BEREGOVE, Ukraine (AFP) – The central street in a small town in the foothills of the Carpathian Mountains in western Ukraine is buzzing with life.
Crowds pack the pavements and commerce is in full swing, with vendors hawking everything from apples to old plates to knitted socks.
Nearly everyone here speaks Hungarian.
Welcome to Beregove – or Beregszasz, as it is also known by its Hungarian name – with a population of 24,000.
Located in Transcarpathia and within walking distance to the Hungarian border, this quaint town, famous for its scenic vistas, hot springs and vineyards, is the centre of Ukraine’s Hungarian culture.
Numbering around 100,000, ethnic Hungarians constitute the largest minority group in Transcarpathia, a western Ukrainian region behind the Carpathian Mountains that was once part of the Austro-Hungarian Empire.
Over the past few months the region has been at the heart of tensions between Ukraine and Hungary following the adoption by Kiev of a controversial law that seeks to oblige schools to teach in the Ukrainian language.
Representatives of the country’s ethnic minorities fear the ambiguously – worded law will upset the region’s delicate social balance and limit their rights. “The Kiev establishment started doing stupid things,” Fedir Shandor, a sociologist and university lecturer in Uzhgorod, the regional centre of Transcarpathia, told AFP.
The adoption of the law in September rattled nearly all of Kiev’s neighbours to the west that see the legislation as a threat to their national minorities in the ex-Soviet country.
Hungary went as far as threatening to block Kiev’s rapprochement with the European Union (EU).
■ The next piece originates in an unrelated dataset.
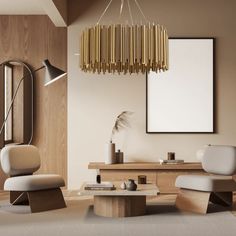 a living room filled with furniture and a chandelier hanging over the top of it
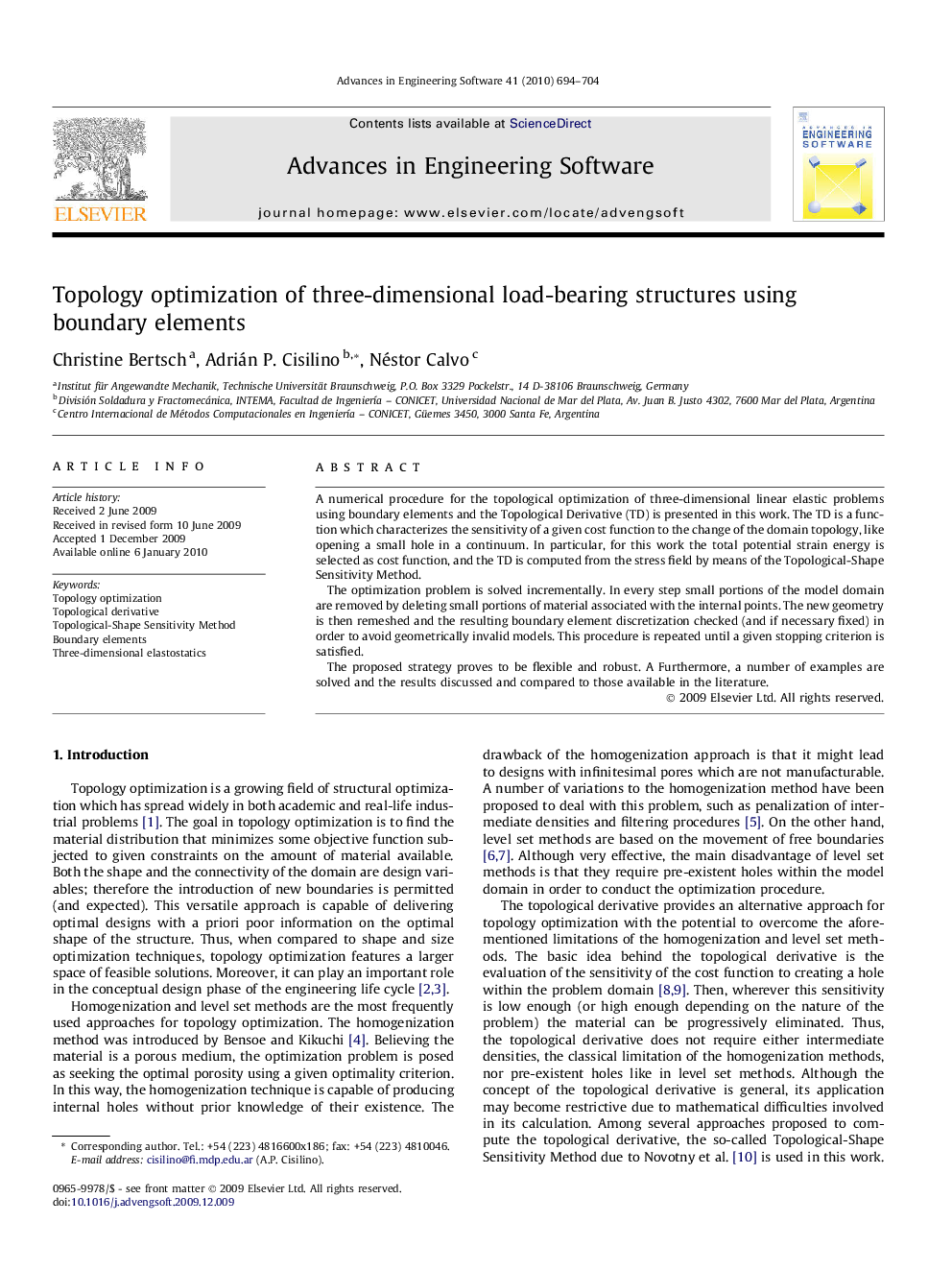 Topology optimization of three-dimensional load-bearing structures using boundary elements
The Venice Commission, an independent panel of constitutional law experts who advise the Council of Europe, has recommended that Ukraine amend the disputed law, making it “more balanced and more clearly worded”.
In addition to ethnic Hungarians, Ukraine has sizeable communities of Russians, Romanians, Poles and other groups with roots in neighbouring countries. The language law states that starting from September 2020, pupils will be taught exclusively in Ukrainian from the fifth grade, when children are aged 10 – 11, although they can still learn their native languages as a separate subject.
Kiev says the move will help minorities better integrate into society and will give them new opportunities including access to higher education.
But critics of the law are not convinced.
Oleksandr Shpenyk, head of the Ukrainian-Hungarian Educational Institute at Uzhgorod National University, fears the new legislation could lead to the closure of all Hungarian schools in the region. “Here in Uzhgorod you can use any language you want now, but if they continue this way,” he said, referring to the Ukrainian authorities, “this will end badly.”
Shpenyk’s institute prepares teachers for Hungarian schools so his students were also “under threat,” he said.
“Even after Transcarpathia became part of the Soviet Union, even under Stalin in 1949, Hungarian schools were open,” he added.
There are more than 280 schools in the region. Of them, over 70 schools, teaching more than 16,000 pupils, are Hungarian. During last year’s countrywide Ukrainian language tests – whose results are key for admission to universities – pupils from Transcarpathia were the worst performers.
In some villages every pupil failed the test.
While admitting that Ukrainian language proficiency is indispensable, many ethnic Hungarians are afraid that Kiev will force them to learn the state language without consulting them or taking into account their way of life.
“We want to be sure that the transition will be done properly, with our interests taken into account,” Stella Kesler, director of a Hungarian school in Uzhgorod, told AFP.
Most of her pupils opt to continue family businesses instead of going to universities.
Those who want to pursue higher education have to study with tutors on their own.
Many in the region are grateful to Hungary for having stepped in to help Ukraine’s minorities when ethnic schools in Transcarpathia were struggling to survive, abandoned to the mercy of fate by Kiev after the collapse of the Soviet Union in 1991. “They had to repair schools, repair classrooms, pay for energy to stay open in winter, buy new textbooks,” said sociologist Shandor, who has Magyar ancestors.
“And it so happened that Hungary began sending its textbooks,” he added, noting that now roughly half of all textbooks in the region’s Hungarian schools come from the EU member.
For Ukrainians, the need to promote their language has become particularly acute after Russia annexed Crimea and a separatist insurgency erupted in the Russian-speaking east, in a conflict that has claimed over 10,000 lives since 2014.
Many Ukrainians view Transcarpathia as another potential hotspot and any calls by Hungary’s ultranationalists in support of the region’s autonomy are met with disdain in Kiev.
In November, Ukraine’s far-right activists marched through the streets of Beregove and tore down a Hungarian flag from the city hall, accusing Budapest of “supporting separatism”.
Uzhgorod philologist Mykhailo Markovych warns Kiev should improve the lives of its ethnic minorities and provide them with better education and healthcare opportunities.
“Everything where Ukraine falls short will, of course, be exploited by its neighbours,” he said.